Saturday, January 11, 2025

Measuring and Managing Your Financial Risks in Retirement

In prior posts, we’ve discussed the three M’s that constitute the actuarial process for keeping your spending in retirement on track and consistent with your spending goals:

  1. Measuring your Funded Status each year
  2. Monitoring your Funded Status from year to year, and
  3. Making changes in your assets or spending liabilities when your Funded Status falls outside a reasonable corridor (guardrails).

In this post, we will discuss two more M’s: Periodically Measuring and Managing your financial risks. If you have completed Steps 1 and 2 above and are contemplating increases in your spending plan this year, we suggest that now may be a good time to measure and possibly manage your financial risks before implementing your plan.

2023 and 2024 were good years for equity returns, with returns on the S&P 500 index exceeding 20% in each year. Despite higher-than-expected essential expense costs, many retirees may be looking at beginning-of-year 2025 Funded Statuses in excess of 140% and may be contemplating increasing their spending for 2025 as a result. We don’t necessarily want to pour cold water on reasonable spending increases, but we do suggest that you take the time to kick the tires on your plan to see how it will hold up under possible less-favorable-than assumed future experience.

Let’s take a look a some “stress-tests” you may wish to consider to measure your risks. All of these tests can be relatively easily performed using the Actuarial Financial Planner (AFP) workbook.

Less favorable than assumed investment return

The Shiller Price to Earnings Ratio as of January 10 was almost 37. This compares with the historical mean for this measure of 17.2. Thus, it is reasonable to assume that future equity returns may be lower than historical averages. To stress-test less favorable than assumed investment returns on equities, you can override and reduce the current default 8% per annum assumption on risky assets and/or you can reduce the value of your current equity holdings (by 50%?) to see what the possible impact would be on your Funded Status.

Possible risk management tip: If the present value of your current non-risky assets/investments don’t cover the present value of your essential expenses, you might consider increasing your asset allocation to non-risky assets/investments. You may also wish to consider maintaining a higher Rainy-Day Fund for this risk.
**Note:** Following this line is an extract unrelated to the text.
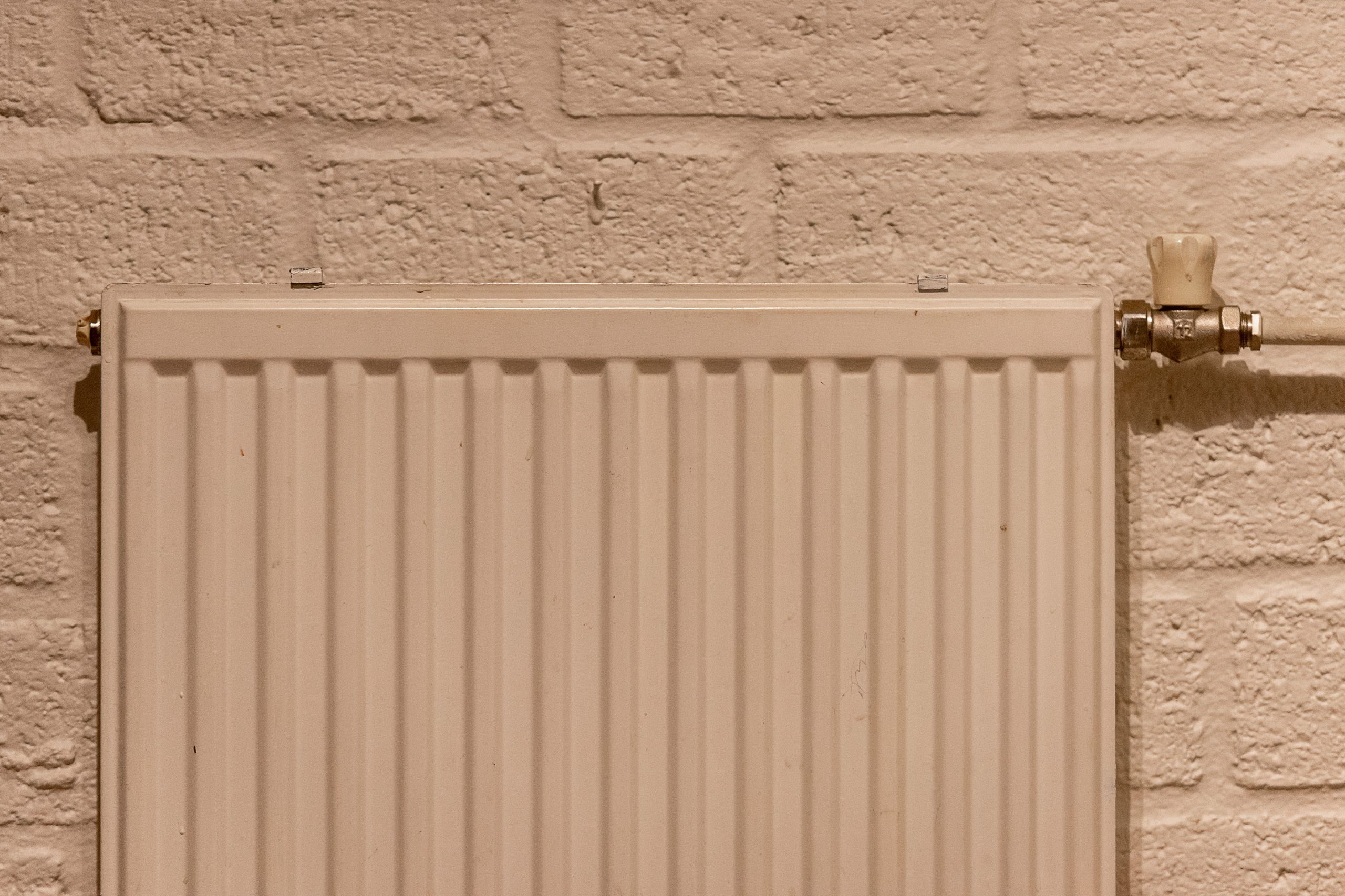 Radiateur blanc propre sur mur en briques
Higher than assumed future inflation

We have no crystal ball with respect to future inflation. Government deficits continue to increase, but the incoming president has promised to reduce the cost of groceries and gas, reduce taxes, deport illegal immigrants, increase tariffs, etc. Climate change is likely to negatively affect the price of home insurance and/or home prices. To stress-test for higher inflation, you can override the current default inflation assumption of 3% per annum, increase expected rates of increases on various expense items and/or increase your current input estimates for selected expenses. If you rely on your home equity to fund a significant portion of your retirement, you may wish to stress-test the impact of losing some or all of your home equity.

Possible risk management tip: If you are looking to manage inflation risk in expenses and are also looking to increase investments in non-risky assets, you may wish to consider building a TIPs ladder or, if possible, you can also defer commencement of your Social Security benefits. Investment in equities has historically been a good inflation management investment. You may also wish to maintain a higher Rainy-Day Fund for this risk.
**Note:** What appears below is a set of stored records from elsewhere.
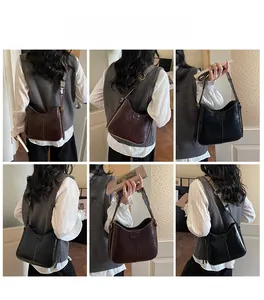 Detailed views of vintage bucket bags in black and brown with wide ethnic shoulder straps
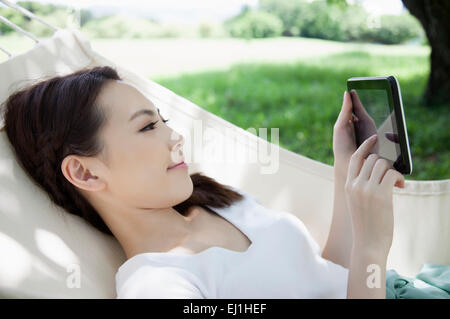 Young woman lying down on the hammock and using touch pad, Stock Photo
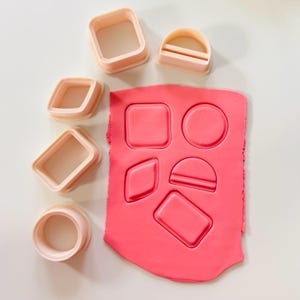 Puede incluir: Un conjunto de cortadores de galletas con formas geométricas de color rosa claro junto a un trozo de arcilla rosa con formas correspondientes presionadas. Incluye cuadrados, rectángulos, un círculo, un diamante y un semicírculo.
Lower than assumed future Social Security benefits

At some point in the relatively near future, Social Security is going to need an infusion of more income to keep paying promised benefits. In lieu of saddling current workers with the entire burden of making the system solvent, Congress may decide to reduce benefits for some current and future beneficiaries. If no action is taken, current best-estimate actuarial projections show an initial 17% decrease across the board for beneficiaries in 2035, but this was before passage of the Social Security Fairness Act of 2025, so it is likely that the 2025 Trustees Report will show an earlier trust fund exhaustion date. Of course, it is likely that Congress will take action prior to the trust fund exhaustion date, but it is not clear whether earlier action will result in potentially higher or lower benefit reductions for certain beneficiaries.
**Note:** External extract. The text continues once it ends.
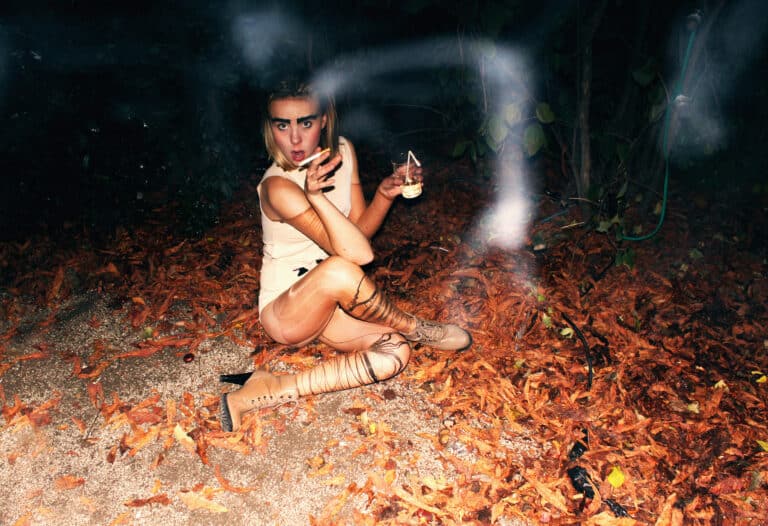 Alice smoking on the ground, 2010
To stress test for lower than assumed future Social Security benefits, you can input a negative amount in an “other asset” cell with a deferred starting date or you can simply reduce your current Social Security benefits to see what the impact is on your Funded Status.

Possible risk management tip: You may wish to consider buying an annuity with a deferred commencement date to cover the expected decrease in your benefits or you may simply maintain a higher Rainy-Day Fund to address this risk.

Conclusion

Despite experiencing significant levels of inflation, many retirees are better off financially than they were several years ago and may be considering increases in their spending plan as a result. We don’t want to be “Debby Downers”, here, and we certainly don’t know what the future will be, but you may wish to stress test some of your assumptions before committing to those spending increases.